Transfer maps and nonexistence of joint determinant

TL;DR

This paper demonstrates the equivalence of transfer maps in Milnor's K-theory and Goodwillie groups, leading to an isomorphism that helps describe joint determinants of commuting matrices over various fields.

Contribution

It establishes the functorial equivalence of transfer maps in Milnor's K-theory and Goodwillie groups, enabling a new understanding of joint determinants for matrices over different fields.

Findings

Transfer maps in Milnor's K-theory and Goodwillie groups are equivalent.

An explicit isomorphism between Goodwillie groups and Milnor's K-groups is constructed.
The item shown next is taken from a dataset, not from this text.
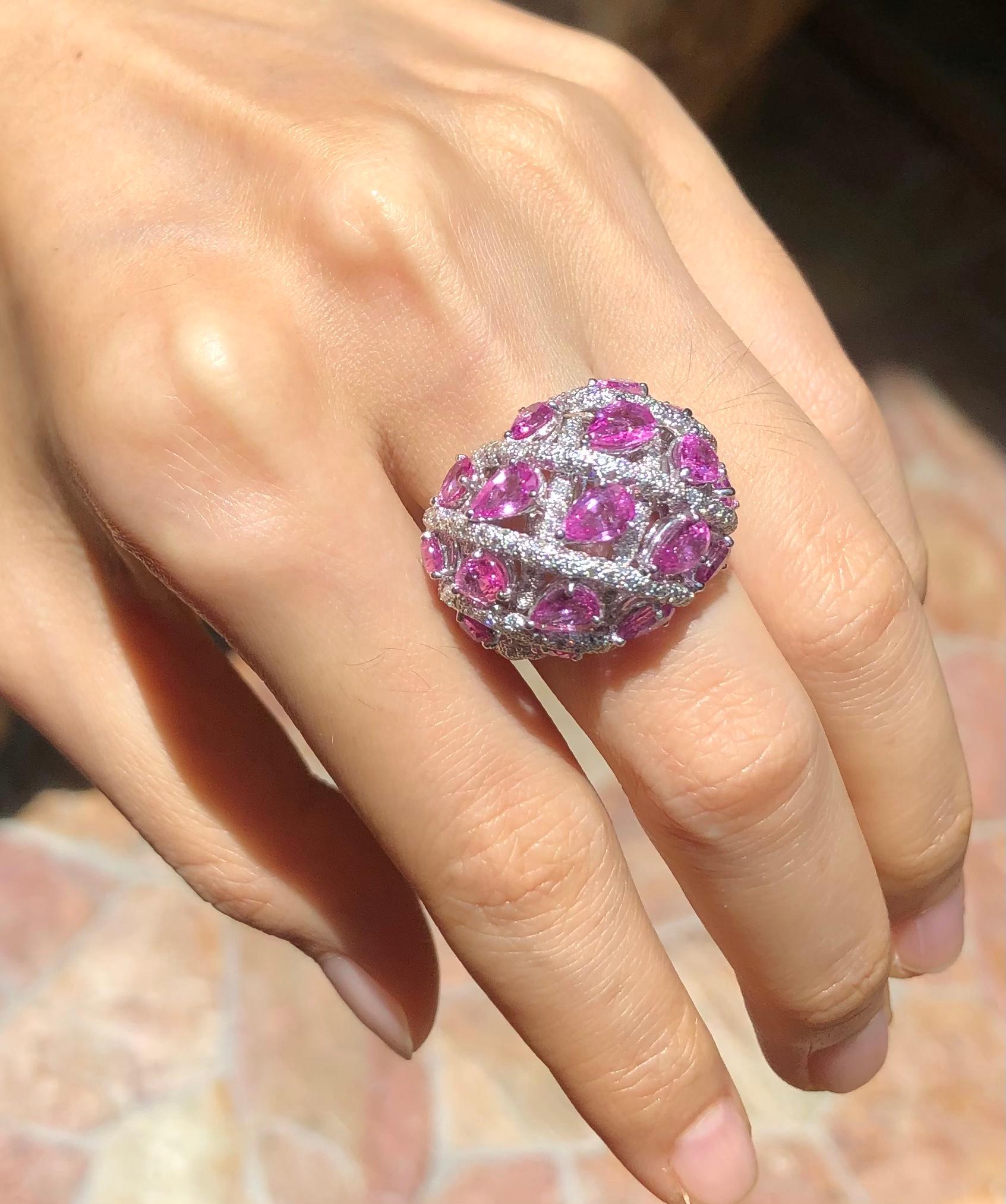 Pink Sapphire with Diamond Ring Set in 18 Karat White Gold Settings In New Condition For Sale In Bangkok, TH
Joint determinants for matrices over finite, rational, real, and complex fields are explicitly described.

Abstract

Transfer Maps, sometimes called norm maps, for Milnor's $K$-theory were first defined by Bass and Tate (1972) for simple extensions of fields via tame symbol and Weil's reciprocity law, but their functoriality had not been settled until Kato (1980). On the other hand, functorial transfer maps for the Goodwillie group are easily defined. We show that these natural transfer maps actually agree with the classical but difficult transfer maps by Bass and Tate. With this result, we build an isomorphism from the Goodwillie groups to Milnor's $K$-groups of fields, which in turn provides a description of joint determinants for the commuting invertible matrices. In particular, we explicitly determine certain joint determinants for the commuting invertible matrices over a finite field, the field of rational numbers, real numbers and complex numbers into the respective group of units of given field.